İngiltere monarşisinin 500 yılı aşkın tarihinde, krallar ve prensler âşık oldukları kadınlar uğuruna yeni din kurdu, tahttan vazgeçti ve halkı karşısına almak suretiyle vâris annesi olan eşlerinden boşandı.
Kalplerin prensesi Diana
Tarihin en meşhur İngiliz kraliçelerinden biri, popüler kültürün sık sık atıfta bulunduğu isim Anne Boleyn. 16’ncı yüzyılda tahtta olan 8. Henry, eşinin başyardımcısı olan Anne’a âşık olup boşanabilmek için Katolik Kilisesi’yle savaşa giriyor ve yeni bir kilise kuruyor. Anne, din reformunun sebebi olmakla birlikte, ülkenin en başarılı yöneticilerinden Kraliçe 1. Elizabeth’in de annesi. Ancak Henry’nin son eşi değil. Çocukların dilinde bir tekerlemeye dönüşüyor bu kralın altı eşinin sonu: Boşandı, kellesi alındı, öldü, feshedildi, kellesi alındı, hayatta kaldı. Anne Boleyn, bu tekerlemede ikinci sırada temsil ediliyor.
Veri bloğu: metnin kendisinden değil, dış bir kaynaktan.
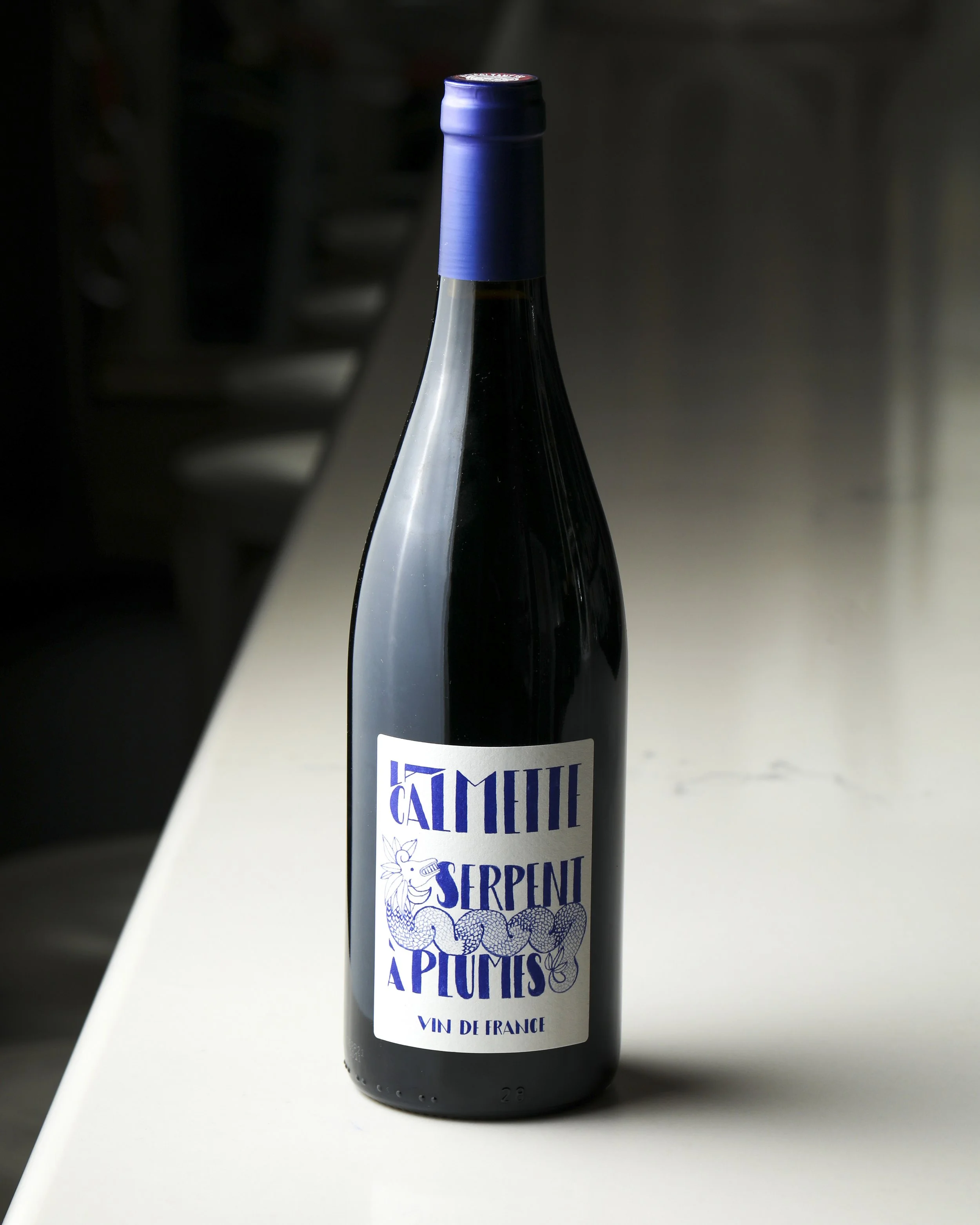 A dark bottle of wine with a white label and blue cap, standing on a white surface with a dark background.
Yüzyıllar sonra, Kral 8. Edward, daha önce iki kez boşanmış Amerikalı bir kadın olan Wallis Simpson ile evlenmek istediğinde, bir anayasa krizine ve uluslararası skandala sebep oluyor. Edward ve Wallis 1937’de tahttan vazgeçmek pahasına evleniyor ve unvanları Windsor Düklüğü’ne düşürülüyor. İkilinin kural tanımaz aşkları, onlara okyanusun her iki yakasında da en sevilen çift unvanı kazandırmıyor maalesef. Wallis’in saray koridorlarında ‘o kadın’ olarak anıldığı ve Kraliyet Ailesi tarafından asla kabul edilmeyip seremonilerden men edildiği söylenir. 21’inci yüzyıldaysa Kraliçe 2. Elizabeth’in oğlu ve tahtın vârisi Charles, uzatmalı sevgilisi Camilla ile kavuştuğunda halkın nezdinde kutlanacak bir şey yapmış olmuyor. Camilla’nın Charles ile evlendiğinde Prenses değil de Cornwall Düşesi unvanı almasının sebebi Diana’nın, ölümünün ardından bile kalplerin prensesi olarak kalması.
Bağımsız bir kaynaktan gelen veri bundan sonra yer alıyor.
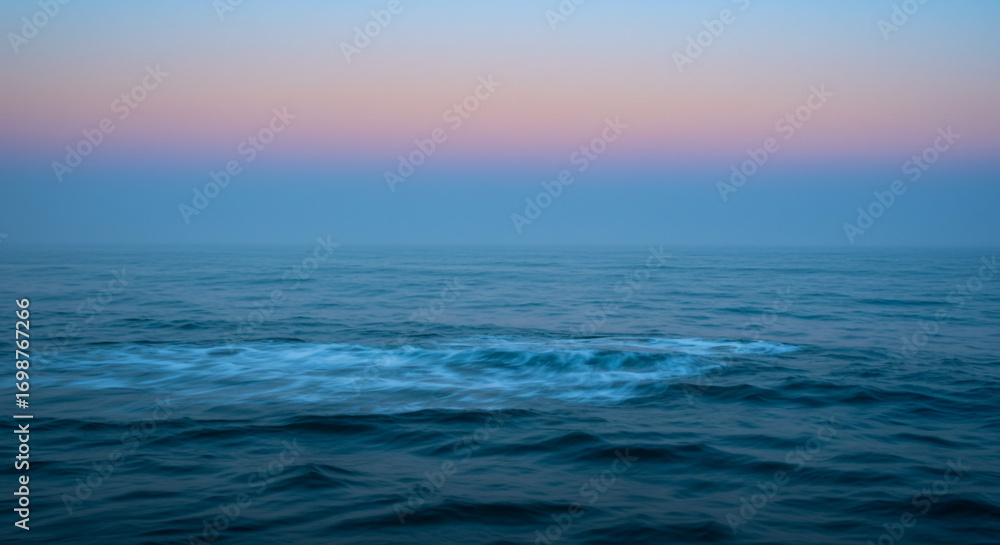 Obraz premium Serene ocean waves at dawn with soft pastel sky creating a peaceful, calming, and tranquil atmosphere for relaxation and meditation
90’lar modasının geri dönüşüyle ve tüm dünyayı çeşitli boyutlardaki ekranlara bağlayan malum diziyle (The Crown), Diana yine çok konuşuluyor. İngiltere’deyse bir geçmişle hesaplaşma davasının aktörü. Diana’nın 1995’te BBC’nin ‘Panorama’ programında yayımlanan röportajı vermeye, etik dışı ve şaibeli bir biçimde ikna edildiği iddia ediliyor. O zamanlar Charles’tan ayrılmış olan Diana, bu röportajda ilk kez Kraliyet Ailesi’ne dair sırları televizyonda, açıklıkla ortaya koymuştu. Blumia hastası olduğunu, Charles’ı aldattığını, aile içinde mutsuz ve dışlanmış hissettiğini anlatmıştı. Camilla’nın evliliklerinin başından beri var olduğuna dair yorumunuysa, meşhur ifadesi “Bu evlilikte üç kişiydik. Biraz fazla kalabalıktı yani anlayacağınız”la taçlandırmıştı.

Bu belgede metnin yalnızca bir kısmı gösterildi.